Logical Fallacy; Kesalahan Berpikir yang Banyak di Sekitar Kita

kesalahan berpikir
Ilustrasi

Logical Fallacy dalam bahasa Inggris disamakan dengan Logic Deception, atau dalam bahasa Indonesia berarti logika penipuan, logika yang menipu atau logika tipu muslihat. Disebut demikian karena orang yang terjebak Logical Fallacy dipastikan akan menipu orang dengan argumennya.

Logical Fallacy merupakan kesalahan berpikir, namun tidak semua kesalahan berpikir bisa disebut Logical Fallacy. Setidaknya ada tiga indikator yang menjadi syarat. Pertama, pastinya terdapat kesalahan dalam logika berpikirnya; Kedua, Logical Fallacy diterapkan dalam argumen baik itu argumen logis secara keseluruhan maupun argumen interpretatif; dan ketiga, menipu pendengar.

Sebenarnya, Logical Fallacy sering sekali kita temukan dalam kehidupan sehari-hari, namun kita anggap sebagai hal biasa-biasa saja, mungkin karena belum dipahami, tidak sadar, atau memang sengaja kita maklumi. Bahayanya, kalau kita tidak sadar, Logical Fallacy ini akan membuat menipu, atau tidak sadar bahwa sebenarnya ada yang salah dari alasan itu.

“Wah, badan sudah gemuk yaa…. Sudah sejahtera kayaknya. Kamu sudah jadi orang kaya ya?”

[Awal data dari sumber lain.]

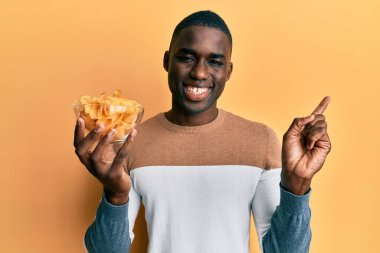 Genç Afro-Amerikan adam patates cipsiyle kaseyi tutarken mutlu bir şekilde gülümsüyor. 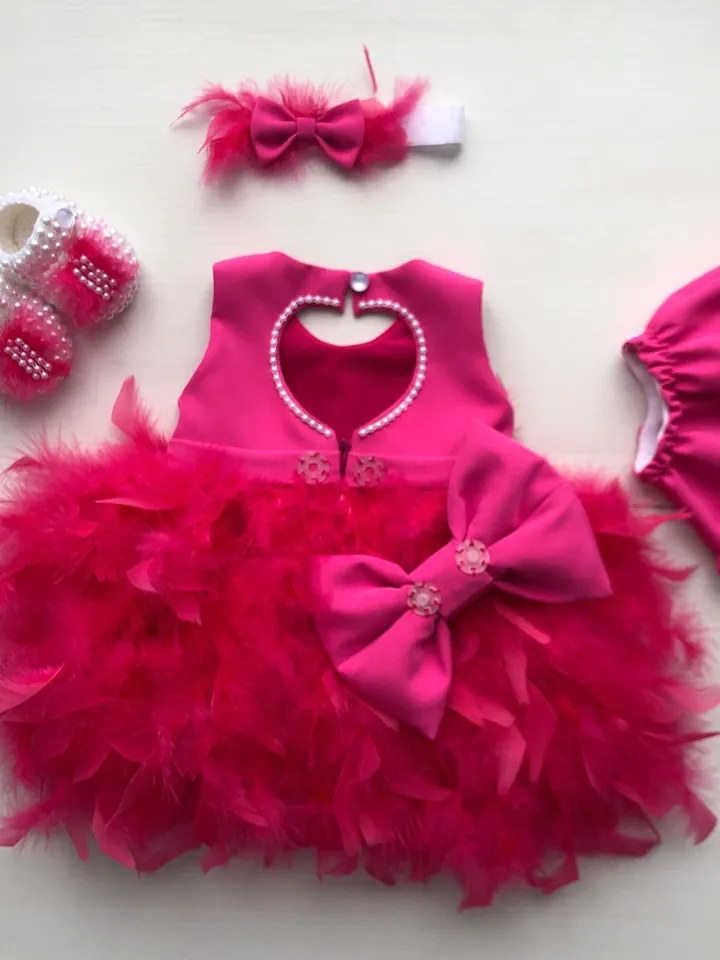 Fuchsia dress with feathers and pearls, booties, panties and headband. First birthday dress. Flower girl dress. Take home outfit for girl.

Kalimat sederhana seperti itu sering kita temukan adalah contoh kecil Fallacy. Dalam logika kalimat itu; kaya dan sejahtera itu badannya gemuk, dan kalau orang memiliki badan gemuk berarti orang tersebut kaya dan sejahtera. Padahal kan belum tentu, meski kebanyakan demikian.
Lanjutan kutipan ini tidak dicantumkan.